I nod approvingly. Dirkie Venter is a possible new distribution partner at Mulderberg Technical High School in the Northern Suburbs. So far we’d kept our operation within the boundaries of Westridge, but we’re big fish in a small pond and we need to diversify. Dirkie is our link to the predominantly Afrikaans Northern Suburbs. His hatred of English speakers has destroyed any previous attempts to pursue this avenue but he is slowly coming round. He has the greed hook in his mouth and all I need to do is reel him in.

Everyone looks at me. They’re awaiting some inspirational words from their leader and now, more than ever, I need to show them that I’ve got my shit covered.

‘This is not going to be an easy week,’ I start. ‘I don’t need to tell you the threat we face. If war happens and we’re caught in the fall-out, expulsion is almost certain.’

The Inhalant Kid switches to wood glue and sniffs viciously to calm his nerves.

‘I’m not forcing anybody to continue on our current course of action.
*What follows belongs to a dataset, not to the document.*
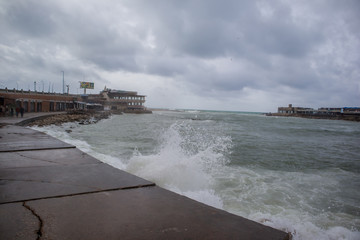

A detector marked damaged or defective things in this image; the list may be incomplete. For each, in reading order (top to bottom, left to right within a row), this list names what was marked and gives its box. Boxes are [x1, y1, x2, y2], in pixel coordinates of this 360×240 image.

crack in pavement [22, 202, 43, 239]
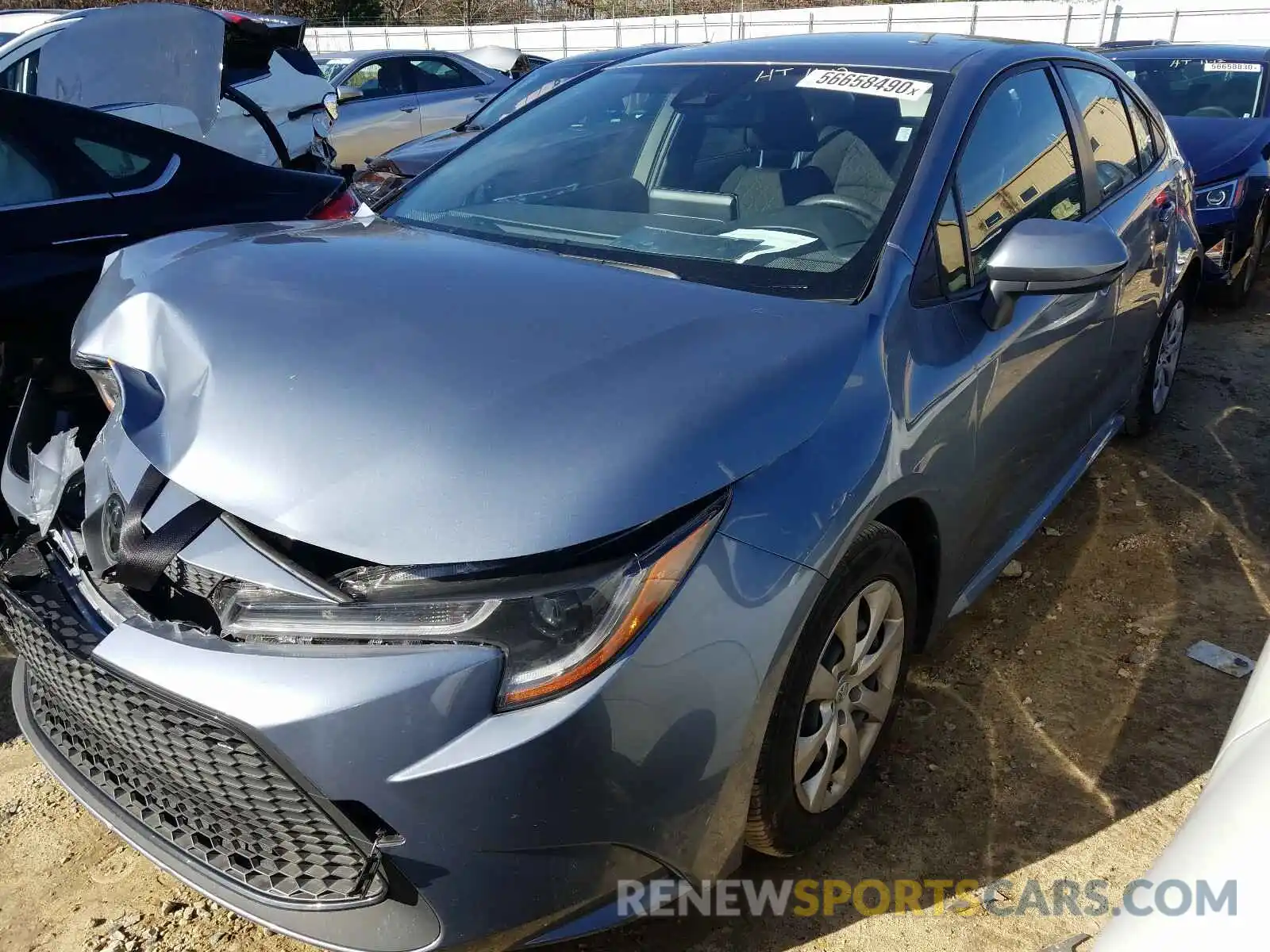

If anybody wants out, say so.’ My voice becomes more resonant. ‘We have the opportunity to do something great here.’ I look at the faces of my team. Not one of them flinches from my bespectacled gaze. I’ve never been prouder.

When lunch break rolls around I walk with the Spider down to our corner on the Sprawl.

‘I should come with you,’ Zikhona says with a snarl. ‘I don’t trust those wankers.’

I shake my head. ‘I’m not going to let them think I’m scared of them.’